Florida's 150 acre launch complex

Our text book, written by Ivan Png and Dale Lehman, describes managerial economics as "...the science of directing scarce resources in management of a business..." and highlights the efforts  of Boeing vs. Airbus as an example. Well, another fascinating display of managerial economics in the aerospace industry is being played out in Florida.

With the retirement of NASA's Space Shuttles, demand did not go away. If anything, demand has risen due to NASA's role in the ever expanding ISS (International Space Station). Over the past year, the only source of "space travel supply" has been furnished through Russia's space program at, true to economic form, a steep cost. However, with the successful flight of the Falcon rocket, SpaceX has pioneered a new market in private supply missions to the ISS. And as is consistent with any new or successfully emerging markets, new entrants are not far behind (affecting long run supply curves).
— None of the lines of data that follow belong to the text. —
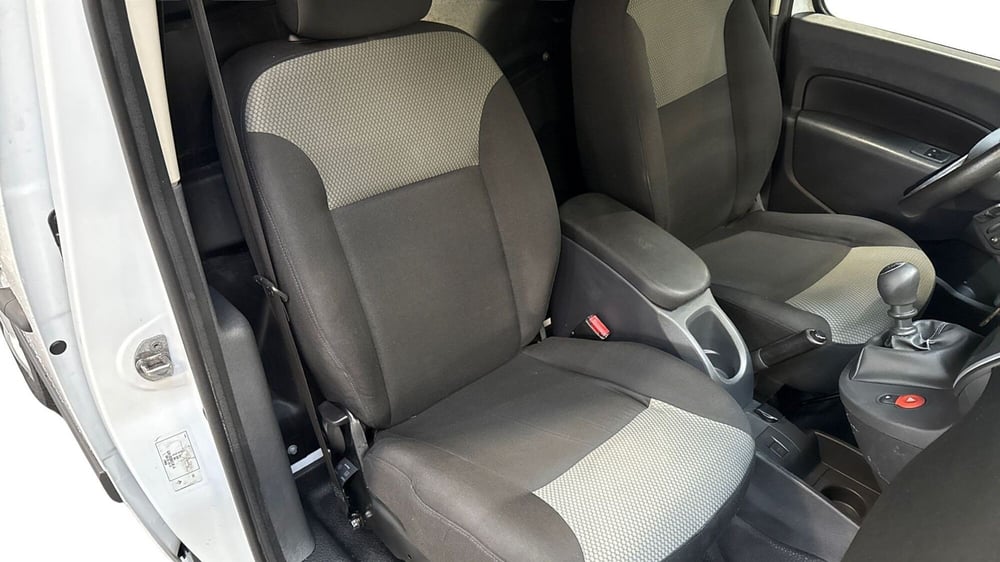 Renault Kangoo usata a Treviso (13)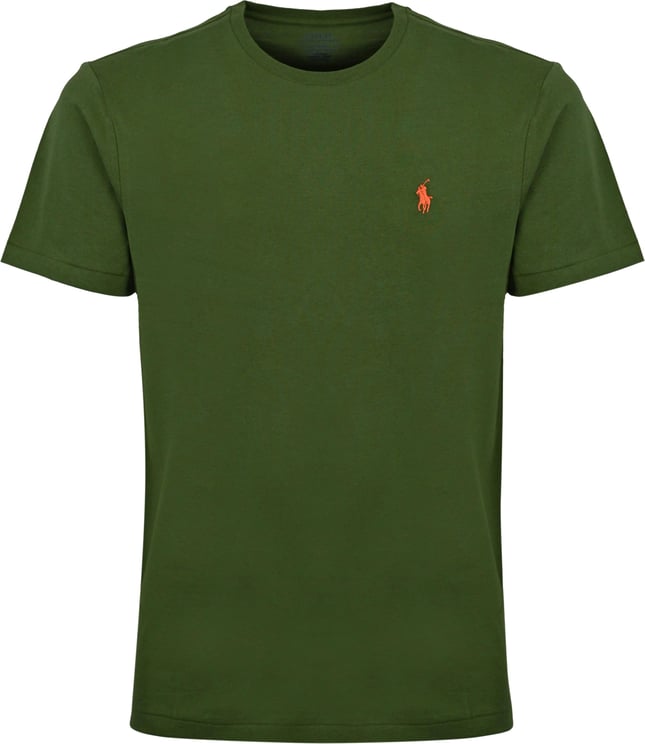 Polo T-shirts And Polos Green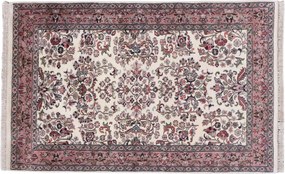 Sarouk Tappeto orientale 110x170 (Indian) Annodato A Mano
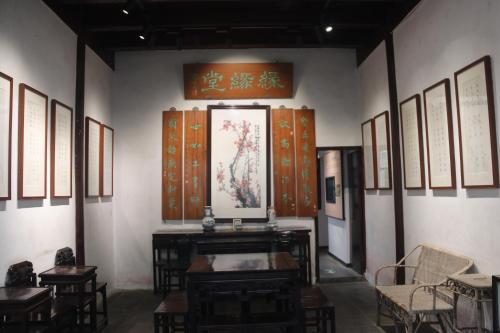 Gambar di galeri bagi Tongxiang SHI MEN BAY Minshuku di Tongxiang
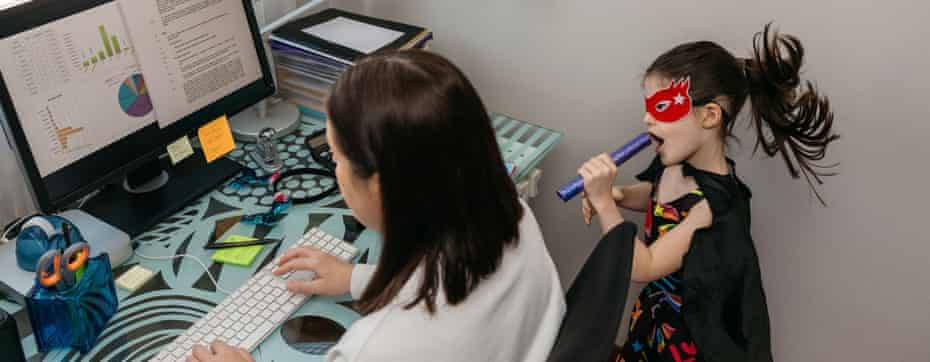 The ONS found that women took on 78% more childcare than men in the first lockdown.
Florida has a long standing relationship with NASA and is not interested in being passed over in a new space race by Texas. Instead, Florida is battling for SpaceX's attention (and other potential entrants such as Virgin Galactic and Spaceship Company) by purchasing 150 acres of land (located at the Kennedy Space Center) from NASA. Although Florida officials have not empirically stated that this land purchase is specifically for SpaceX's use, they nevertheless have plainly spoken about their desire to build a commercial launch complex. It will be very interesting to observe whether Texas responds to this move and how this will affect the efforts of other commercial startups.   

1 comment:

Dave Tufte said...

Dominick: I see a misuse of a word, so 94/100.

Here we go again ... another blog post with an unqualified claim that some trend is "ever expanding". You folks all sound like journalists instead of MBA deep thinkers. ;)

As I write this, about 8 hours after Dominick did his post, the news reports are that the orbital insertion after this launch failed, and that it is a total loss.

This post touches on a broader microeconomic topic that is not usually covered in managerial economics classes. It's call Tiebout Sorting. It's fascinating stuff about how localities will entice businesses with freebies, and eventually businesses will sort themselves out accordingly.

In this case, the Space Coast of Florida has already separated itself from other localities, and looks to be differentiating itself from Texas too.